Well, I think I know the answer. The ennui that crept over me as I read these two stories today (rushed over me in one case) showed me just where the fault lay with each piece.
Firstly, they were not real. The novelty, the ideas, the situations, were all just completely made up. Souls, demons, dragons, magic, witches, gods, and all the other paraphernalia of fantasy worlds, are completely and utterly fictional. They bear no relation to the real world whatsoever — except as issues in the psychology of people who actually believe in such things. If you put characters — however realistic — in worlds of magic swords and dreaming gods, my reaction is ‘So what?’ because such worlds do not and never could exist. It’s irrelevant what people would do when confronted by a binding spell because such a situation will never, ever arise.

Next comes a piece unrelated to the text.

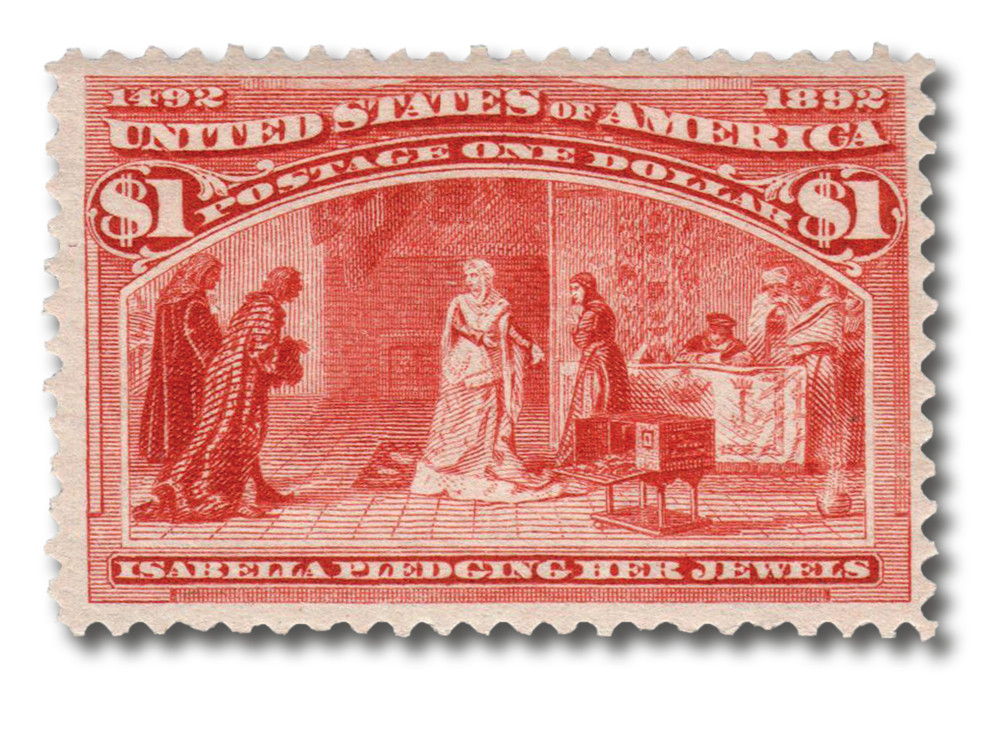 241 - 1893 $1 Queen Isabella Pledging Her Jewels, Salmon - Mystic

Secondly, the characters weren’t real either. Yes, alright, some of the characters were real enough — ordinary people with ordinary personalities, but there were also purely evil creatures — or creatures inhabited by pure evil, evil spirits, etc.. Sometimes (sadly, not infrequently) you find purely good ones as well. Even if such characters have only minor roles, it spoils the whole story. Like gods and goblins, such creatures do not happen in the world, or in any conceivable real world.
OK. I can hear you clamouring to come back at me on that. Lots of people believe in fairies and angels and such. What’s so awful about having them in a story? Nothing, I say, as long as you don’t mind me not reading it.
Alright, you ask, why are aliens and cosmic minds and transhumans so much better than elves and magicians? What makes faster-than-light travel and phasers and teleports better than bracelets of power and ley lines and magic pyramids? Well, on the one hand you have things which could exist, are extrapolations of what we already know, or are justifiable leaps of imagination based on actual reality, on the other hand you have things for which there is no plausible way for them ever to exist and which often, quite explicitly, exclude themselves from possibility by being ostentatiously supernatural (as in ‘not natural’).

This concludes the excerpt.